Annual maintenance costs for each converter are estimated at 0.5% of the investment cost, based on reference [37]. The investment costs already accommodate the price ratio between HV and MV converters, resulting in higher maintenance costs for MV converters due to their larger number and distribution.
Maintenance intervals for HV and MV converters are different and are determined based on their reliability functions, modeled earlier. The reliability curves for HV and MV converters are depicted in Figure 16. For HV converters, a maintenance interval of every 2 years is chosen to ensure reliability above 0.95. Conversely, MV converters have a maintenance interval of every 3 years to maintain reliability above 0.90. A reliability threshold of 0.95 is chosen for HV converters, because their smaller number in the system means that the failure of one HV converter has a more significant impact than that for the MV converters. Therefore, the maintenance period will be shorter for HV converters than for MV converters. Figure 17 presents an economic analysis considering maintenance costs, with calculations based on interruption costs from the IEEE Std. 493–2007 [47].
The results indicate changes in outcomes when maintenance costs are considered. Previously, with a price ratio of HV to MV converters at 1:1.1, the number of HV converters to be converted changed from one to two. Additionally, at this ratio, converting one HV converter remains economical even at a ratio of 1:1.5. However, at a ratio of 1:1.6, converting HV converters becomes less attractive. These results can change according to different maintenance strategies between the HV and MV converters.

6. Conclusions

This research paper has discussed the reliability modeling of HVDC back-to-back systems using MMC technology, considering voltage levels, the number of modules, and redundancy strategies for both HV and MV applications. This modeling was then implemented to determine the best placement and combination of HV and MV converters based on the minimum system reliability index. An economic analysis was also conducted, considering investment, interruption, and maintenance costs. Price sensitivity analysis demonstrated the impact on the selection of converter combinations.
The availability of MV converters tends to be higher than HV because of fewer components. The resulting availability for HV converters is 99.69%, while for MV converters, it is slightly higher, at 99.81%. Converting HV converters to MV also offers better reliability, because they are closer to the load. The SAIFI for all HV converters is 0.2668 occurrences per year, with interruption costs of USD 7.804 million per year, while for MV converters, the SAIFI is 0.2284 occurrences per year, and the interruption costs are USD 5.737 million per year.
When economic components are considered, there is a change in the decision for the best combination of HV and MV converters. For an investment cost ratio between HV and MV converters of 1:1.1, converting one HV converter into four MV converters remains economical. This configuration yields a net present value (NPV) of USD 199.02 million. The optimal placement of converters is in Area VI–2, Area II, Area I, Area VI–1, Area V, and the central substation. It is recommended that the converter in Area VI–2 be converted from HV to a more distributed MV configuration for improved performance.
The research suggests that shifting from a high-voltage (HV) converter to a more distributed medium-voltage (MV) converter can boost the system’s reliability.
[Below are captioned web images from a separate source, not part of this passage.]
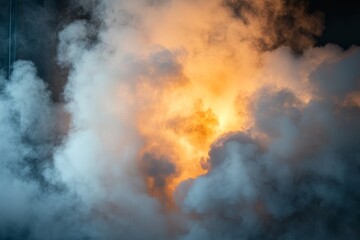 Obraz premium white smoke against a black background with soft diffused lighting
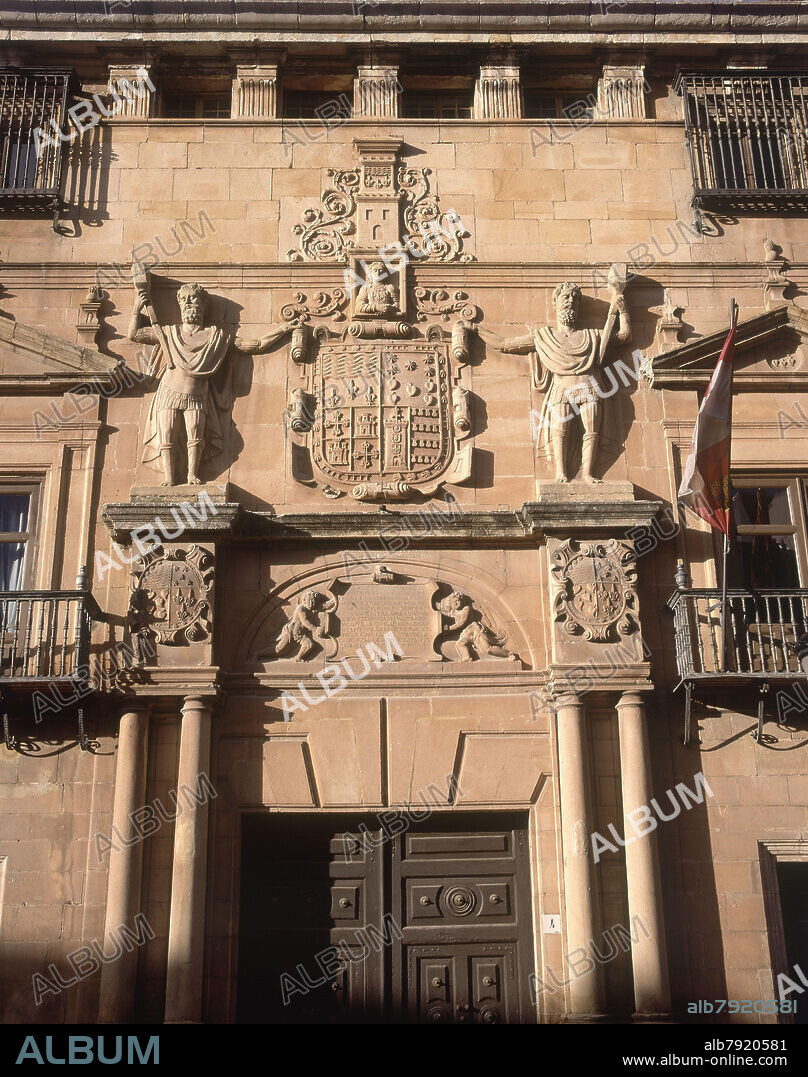 EXT-DET DE LA FACHADA-ESCUDO DE D FRANCISCO LOPEZ DEL RIO Y SALCEDO-S XVI ARQUITECTURA RENACENTISTA.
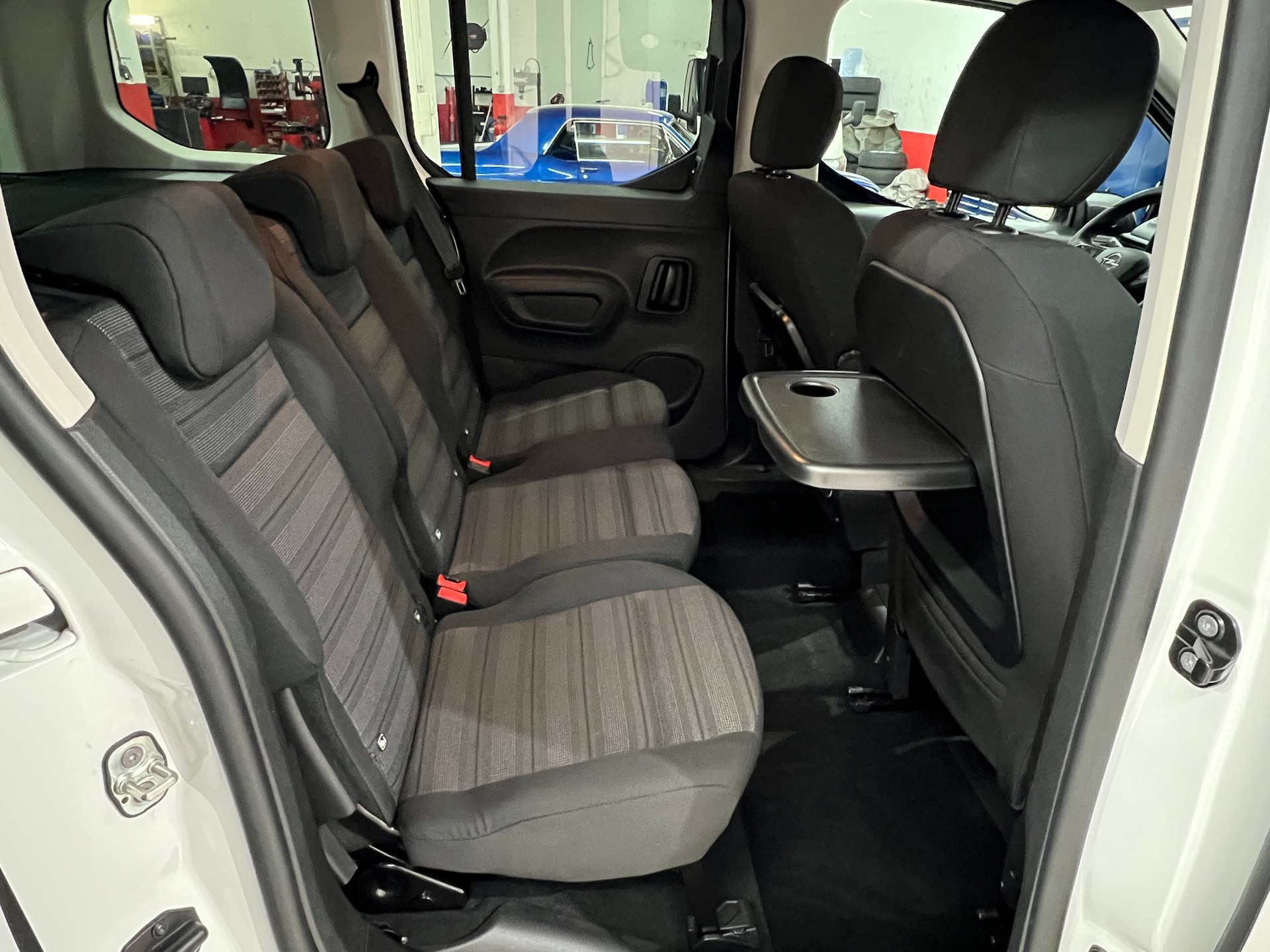 OPEL Combo Life 1.2 Elegance Automat-image-14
Furthermore, an economic analysis can validate the most effective combination of HV and MV converters.
Further research could focus on optimizing the capacity at each interconnection location using appropriate algorithms. Additionally, incorporating the nonlinear behavior of HVDC system components and detailed modeling of HVDC systems with various topologies, including considerations for derating conditions and complex frequency variation scenarios, could be explored to enhance system reliability and stability.

Author Contributions

Validation, N.H. and K.M.B.-N.; Formal analysis, N.B.S.; Writing—original draft, N.B.S.; Writing—review & editing, N.H., N.B.S., K.M.B.-N. and H.T.P.; Supervision, N.H., K.M.B.-N. and H.T.P. All authors have read and agreed to the published version of the manuscript.

Funding

The authors acknowledge the support of MARGIN project funded by Danida Fellowship Center and Ministry of Foreign Affairs of Denmark under the grant no. 21-M06-AAU for the publication of this paper.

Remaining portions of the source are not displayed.